ウィンド・リバー/キャラクターの多面性とその機能

 

大学の授業において、ブログをかいて思考をまとめ、他者からコメントをもらうことは、アカデミックライティングにおいて非常に有効な訓練となるという話があったので、練習がてらに考えたことを書き留めてみる。間違いがあれば、訂正や助言をコメントしていただきたいし、考察をより深めるようなコメントも非常にありがたい。

 

ウィンド・リバーを鑑賞した。
ボーダーライン [原題:Sicario] (2015年)
最後の追跡 [原題:Hell or High Water] (2016年)
テイラーシェリダンによる脚本作品はどちらも鑑賞後の余韻が長く、あれはなんだったんだ?という感覚が一週間ほど続いてた。ウィンド・リバーも同じく消化するのに時間がかかったが、思いを巡らすうちに、キャラクターの二面性にたどり着いたのでメモを残しておきたい。

 

ウィンド・リバーにおいて、登場人物のキャラクターは多面性を持つよう構築されている。また、物語が進む中でそれぞれのキャラクター同士の共通項が多層的に折り重っていく。多面性を考えるにあたり、"double"がキーワードとなる。

 

doubleには二倍や二重といった意味に加えていくつかの意味がある。

-〈人・性格など〉裏表[二心]のある,不誠実な,陰険な.
a double character 二重人格(者).
-〈意味が〉二様にとれる,あいまいな.
a double meaning あいまいな意味.
-生き写しの人[もの].
She's her mother's double [the double of her mother]. 彼女は母親の生き写しだ.
【映画】 代役,替え玉 〔for〕.
〈…の〉二役を務める.

In the play she doubled the parts of a maid and a shopgirl. その劇で彼女は女中と女店員との二役を務めた.
(出典: weblio英和辞典https://ejje.weblio.jp/content/double)

また、人種や国籍において、父と母で異なる血筋を持つもの(いわゆるハーフ)をdoubleと称することもある。

 

例えば、主人公コリー・ランバートは人種としては白人に属するものの、元妻はネイティブアメリカン*であり、コリーもそのコミュニティと密な関係を築いている。
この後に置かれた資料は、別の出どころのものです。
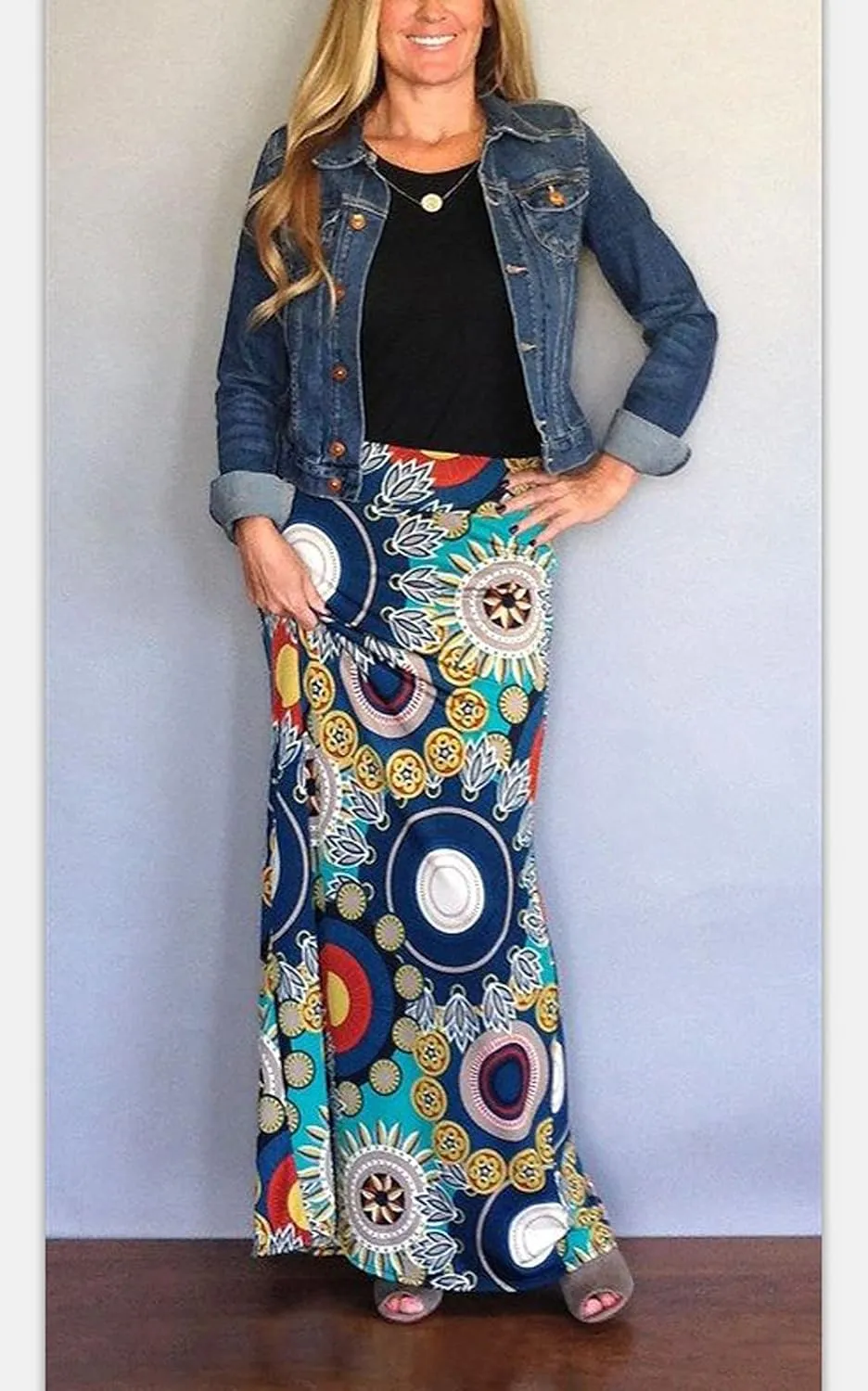 Women's Bohemian Print Long Maxi Skirt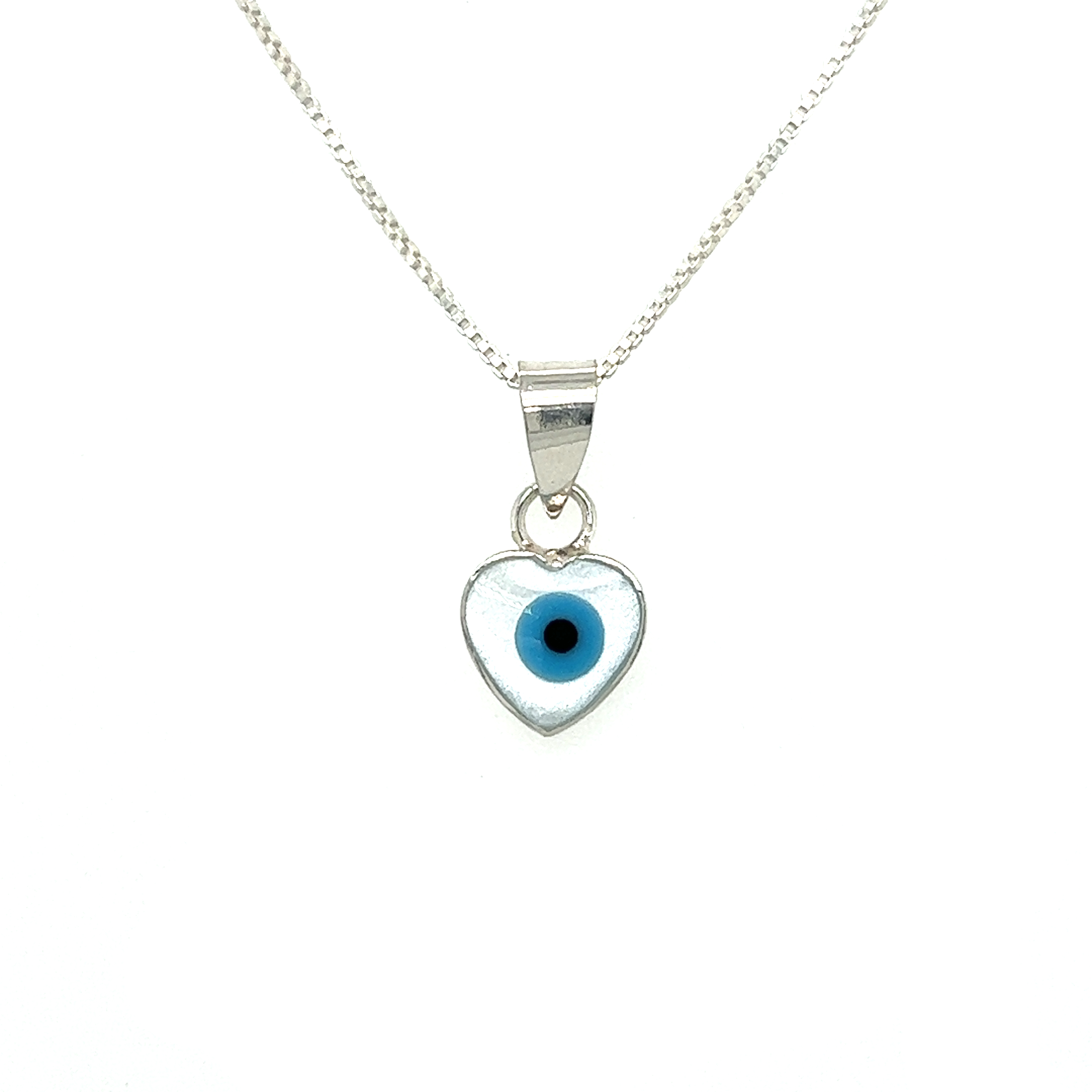 Mother of Pearl Evil Eye Charms pendants with heart shaped glass on a silver chain, providing protection.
そのアイデンティティは"double"(曖昧なもの)である。また、娘エミリーを無くしたという点において、ナタリーの父親マーティンとも悲しみを共有する。
*(本来、部族名で呼称するべきところだが、はっきりとした部族名が不明だったため本表記を使用する。)

FBI捜査官のジェーンは、その若い女性像が事件の犠牲となったナタリーやコリーの娘エミリーのdouble(生き写し)として描かれる。極寒用の装備に着替える際のジェーンの下着姿は、ナタリーと重ねられているし、青のジャンプスーツに身を包んだジェーンの姿はコリーの娘、エミリーのあり得たかもしれない姿である。また、ジェーンは、観客のdouble(代役)でもある。ワイオミング州ウィンド・リバーに派遣されるジェーンは、アウトサイダーであり、この土地のことをほとんど何も知らない。我々、観客の視点はジェーンの体験に投影されている。

 

コリーの息子ケイシーは、髪が長く声がわりも経験していない中性的なキャラクターとして描かれる。白人とネイティブアメリカンの血を受け継ぐのは文字通り"double"である。馬を手なづけた後に「カウボーイみたいだ」と答えるも、父コリーに「違う これはアラパホ族流だ」と諭されるシーンもあった。カウボーイ:「征服する側」とネイティブアメリカン:「征服される側」の二面性を持つ。

 

観客は登場人物のキャラクターの一面に没入するうちに、そのキャラクターの持つ他の一面にも共感を覚える。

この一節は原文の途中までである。